As you write out the lines from the one containing "Guêpière/porte-jarretelle broderie beige" through the last line of the records, keep them exact and leave out pictures.

┌────────

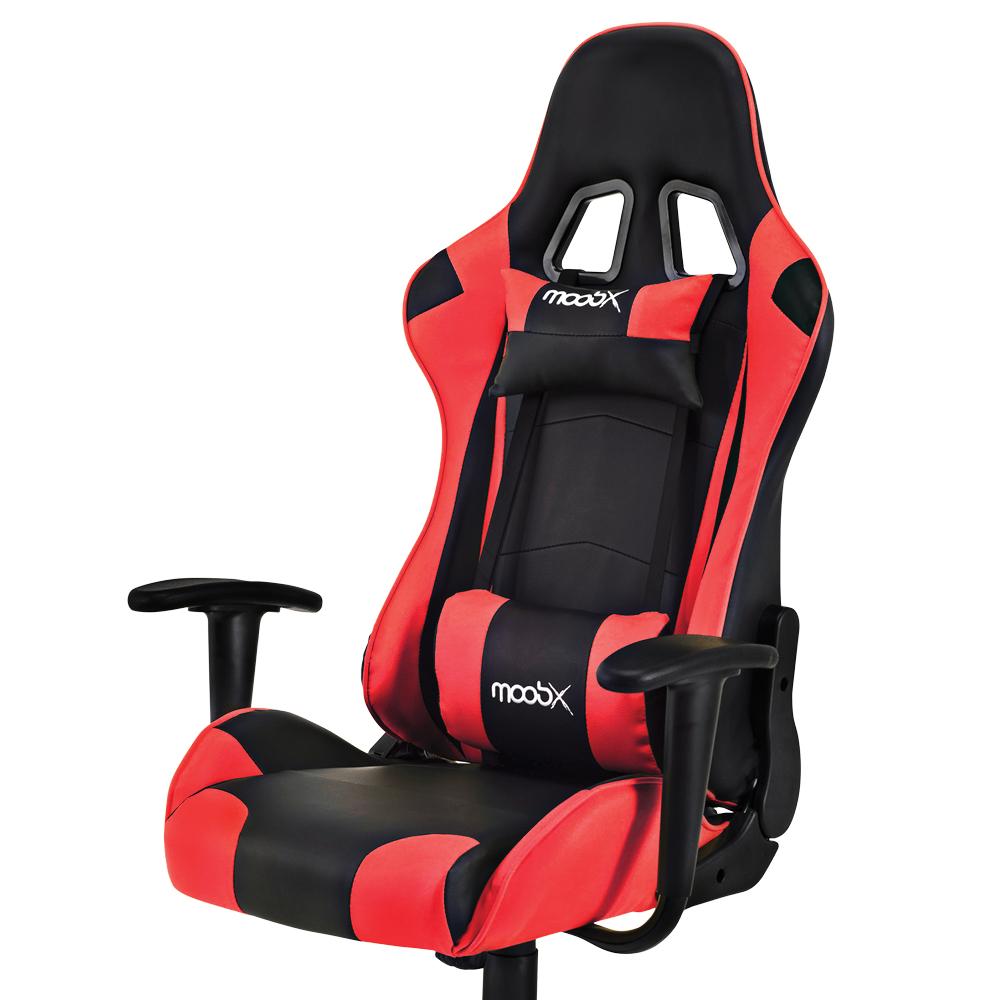 Cadeira Gamer Moob GT Racer Preto/Vermelho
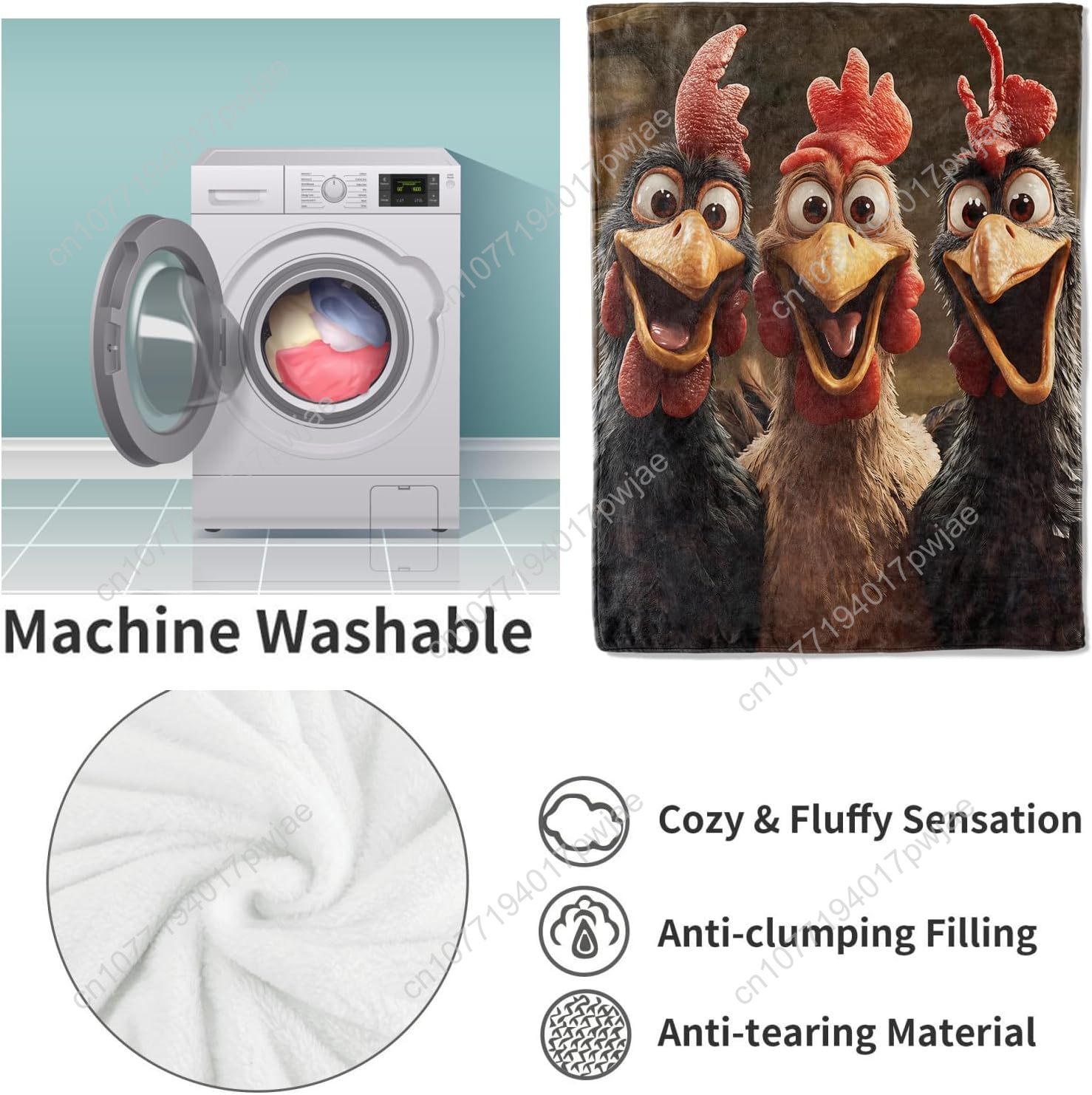 Chickens Blanket Gifts for Wom - Home Textiles Usa ulasan dan harga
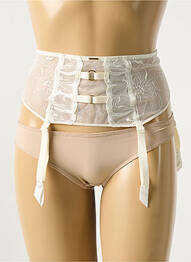 Guêpière/porte-jarretelle broderie beige CHANTELLE femme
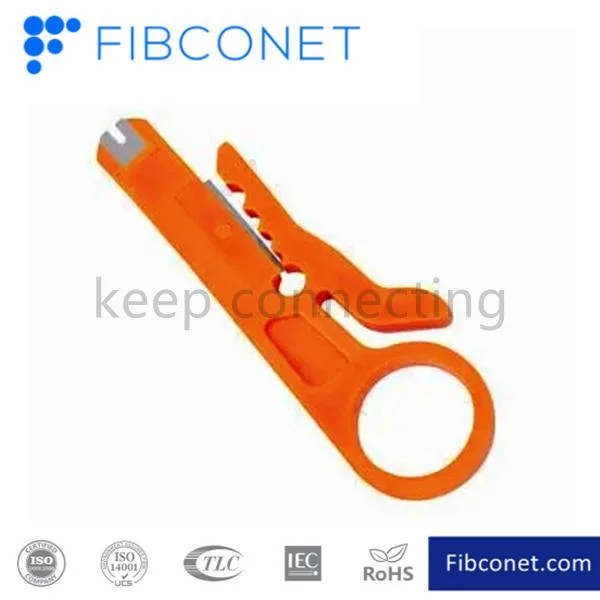 Fibconet Punch Down Tool mit Easy Stripper für UTP/STP rund Kabel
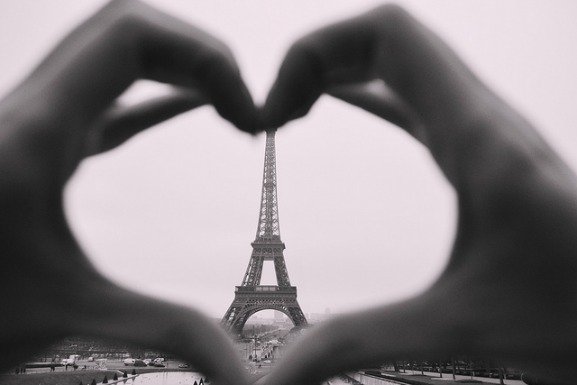 Eiffel Tower Heart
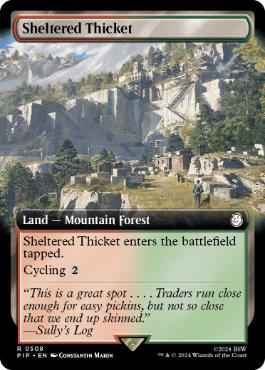 Sheltered Thicket - Magic: The Gathering - PIP-BF Near Mint Inglés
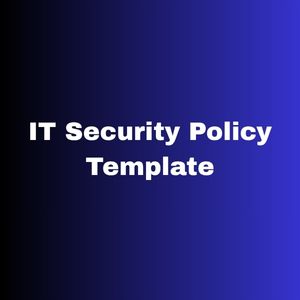 IT Security Policy Template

└────────

▸ Exercise solution
 Guêpière/porte-jarretelle broderie beige CHANTELLE femme
 Fibconet Punch Down Tool mit Easy Stripper für UTP/STP rund Kabel
 Eiffel Tower Heart
 Sheltered Thicket - Magic: The Gathering - PIP-BF Near Mint Inglés
 IT Security Policy Template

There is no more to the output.